3 files changed, 39 insertions, 23 deletions

diff --git a/mathcomp/algebra/ssralg.v b/mathcomp/algebra/ssralg.v
index 854335d..c432f73 100644
--- a/mathcomp/algebra/ssralg.v
+++ b/mathcomp/algebra/ssralg.v
@@ -153,9 +153,10 @@ Require Import finfun bigop prime binomial.
 (*                  WARNING: while it is possible to omit R for most of the   *)
 (*                           XxxType functions, R MUST be explicitly given    *)
 (*                           when UnitRingType is used with a mixin produced  *)
-(*                           by ComUnitRingMixin, otherwise the resulting     *)
-(*                           structure will have the WRONG sort key and will  *)
-(*                           NOT BE USED during type inference.               *)
+(*                           by ComUnitRingMixin, in a Canonical definition,  *)
+(*                           otherwise the resulting structure will have the  *)
+(*                           WRONG sort key and will NOT BE USED during type  *)

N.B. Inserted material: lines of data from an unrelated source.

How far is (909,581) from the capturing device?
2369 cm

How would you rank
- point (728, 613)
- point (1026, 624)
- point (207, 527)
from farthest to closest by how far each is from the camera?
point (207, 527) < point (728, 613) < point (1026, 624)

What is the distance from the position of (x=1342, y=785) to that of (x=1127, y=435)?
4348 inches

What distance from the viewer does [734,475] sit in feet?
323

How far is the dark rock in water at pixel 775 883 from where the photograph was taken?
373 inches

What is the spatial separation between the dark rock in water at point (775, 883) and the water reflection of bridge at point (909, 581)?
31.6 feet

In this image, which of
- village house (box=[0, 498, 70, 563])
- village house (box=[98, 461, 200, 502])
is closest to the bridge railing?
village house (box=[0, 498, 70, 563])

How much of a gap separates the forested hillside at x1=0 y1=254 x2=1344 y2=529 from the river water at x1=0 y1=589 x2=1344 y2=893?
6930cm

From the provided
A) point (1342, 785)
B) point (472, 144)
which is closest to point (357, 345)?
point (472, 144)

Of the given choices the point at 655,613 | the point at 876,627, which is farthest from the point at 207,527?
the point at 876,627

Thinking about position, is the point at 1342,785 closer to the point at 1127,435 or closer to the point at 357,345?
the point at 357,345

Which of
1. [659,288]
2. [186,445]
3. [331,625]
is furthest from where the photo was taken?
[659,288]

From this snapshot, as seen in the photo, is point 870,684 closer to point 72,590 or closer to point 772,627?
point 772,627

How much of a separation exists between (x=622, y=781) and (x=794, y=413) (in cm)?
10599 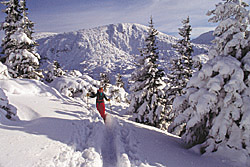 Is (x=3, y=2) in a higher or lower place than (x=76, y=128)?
higher

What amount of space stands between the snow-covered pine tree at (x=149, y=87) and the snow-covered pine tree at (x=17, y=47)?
10.7 meters

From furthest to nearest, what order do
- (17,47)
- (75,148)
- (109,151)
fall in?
(17,47) → (109,151) → (75,148)

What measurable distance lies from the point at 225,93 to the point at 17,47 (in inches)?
744

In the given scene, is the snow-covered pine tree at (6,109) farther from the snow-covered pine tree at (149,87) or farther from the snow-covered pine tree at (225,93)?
the snow-covered pine tree at (149,87)

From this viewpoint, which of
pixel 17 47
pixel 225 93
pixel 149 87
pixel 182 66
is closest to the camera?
pixel 225 93

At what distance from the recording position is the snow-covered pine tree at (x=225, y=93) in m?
6.09

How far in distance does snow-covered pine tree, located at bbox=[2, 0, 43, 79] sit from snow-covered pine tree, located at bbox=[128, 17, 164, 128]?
10726mm

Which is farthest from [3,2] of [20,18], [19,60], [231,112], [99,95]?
[231,112]

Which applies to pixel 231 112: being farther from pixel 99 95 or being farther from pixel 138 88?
pixel 138 88

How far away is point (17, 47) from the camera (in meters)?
16.9

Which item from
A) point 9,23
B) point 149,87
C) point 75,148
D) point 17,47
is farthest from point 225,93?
point 9,23

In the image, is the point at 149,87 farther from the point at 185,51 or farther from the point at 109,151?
the point at 109,151

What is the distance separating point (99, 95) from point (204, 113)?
676 centimetres

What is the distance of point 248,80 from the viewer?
639 centimetres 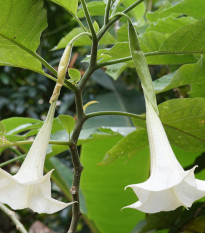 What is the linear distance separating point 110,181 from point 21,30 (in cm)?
79

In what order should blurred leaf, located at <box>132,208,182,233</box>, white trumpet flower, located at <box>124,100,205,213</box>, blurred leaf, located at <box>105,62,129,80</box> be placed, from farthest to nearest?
1. blurred leaf, located at <box>132,208,182,233</box>
2. blurred leaf, located at <box>105,62,129,80</box>
3. white trumpet flower, located at <box>124,100,205,213</box>

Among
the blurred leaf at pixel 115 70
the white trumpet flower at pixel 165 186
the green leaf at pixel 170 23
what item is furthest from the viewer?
the blurred leaf at pixel 115 70

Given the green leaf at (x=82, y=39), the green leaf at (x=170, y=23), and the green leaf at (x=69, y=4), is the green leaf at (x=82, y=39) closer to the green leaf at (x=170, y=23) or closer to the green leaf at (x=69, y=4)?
the green leaf at (x=170, y=23)

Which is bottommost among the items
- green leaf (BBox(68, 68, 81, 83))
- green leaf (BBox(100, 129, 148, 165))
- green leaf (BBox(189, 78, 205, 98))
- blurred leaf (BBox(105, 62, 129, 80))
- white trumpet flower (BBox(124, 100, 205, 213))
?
green leaf (BBox(100, 129, 148, 165))

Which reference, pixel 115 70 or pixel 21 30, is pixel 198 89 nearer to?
pixel 115 70

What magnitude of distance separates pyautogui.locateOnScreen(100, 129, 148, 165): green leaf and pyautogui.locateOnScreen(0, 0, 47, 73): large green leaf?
0.27 meters

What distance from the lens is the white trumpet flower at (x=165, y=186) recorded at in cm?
53

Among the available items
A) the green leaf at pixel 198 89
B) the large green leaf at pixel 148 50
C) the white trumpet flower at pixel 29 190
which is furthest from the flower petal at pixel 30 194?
the green leaf at pixel 198 89

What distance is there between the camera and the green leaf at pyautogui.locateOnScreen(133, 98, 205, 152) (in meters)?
0.89

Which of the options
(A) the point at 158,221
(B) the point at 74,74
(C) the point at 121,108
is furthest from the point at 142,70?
(C) the point at 121,108

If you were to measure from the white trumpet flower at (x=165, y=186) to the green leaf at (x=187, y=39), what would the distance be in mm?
283

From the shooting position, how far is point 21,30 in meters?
0.76

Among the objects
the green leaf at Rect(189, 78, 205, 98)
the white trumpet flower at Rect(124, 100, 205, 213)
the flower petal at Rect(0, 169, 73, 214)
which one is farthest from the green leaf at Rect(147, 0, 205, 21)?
the flower petal at Rect(0, 169, 73, 214)

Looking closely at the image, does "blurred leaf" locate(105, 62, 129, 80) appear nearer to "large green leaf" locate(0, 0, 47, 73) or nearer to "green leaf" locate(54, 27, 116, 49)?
"green leaf" locate(54, 27, 116, 49) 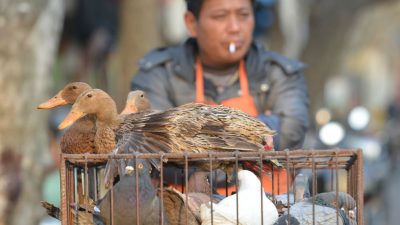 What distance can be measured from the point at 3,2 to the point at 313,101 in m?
7.78

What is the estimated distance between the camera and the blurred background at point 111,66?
8852 millimetres

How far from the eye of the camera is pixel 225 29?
675cm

+(*                           inference.                                       *)
 (* [unitRingType of R for S] == R-clone of the unitRingType structure S.      *)
 (*    [unitRingType of R] == clones a canonical unitRingType structure on R.  *)
 (*     x \is a GRing.unit <=> x is a unit (i.e., has an inverse).             *)
@@ -204,16 +205,29 @@ Require Import finfun bigop prime binomial.
 (*                                                                            *)
 (*  * Field (commutative fields):                                             *)
 (*              fieldType == interface type for fields.                       *)
-(*  GRing.Field.axiom inv == the field axiom (x != 0 -> inv x * x = 1).       *)
-(* FieldUnitMixin mulVx unitP inv0id == builds a *non commutative unit ring*  *)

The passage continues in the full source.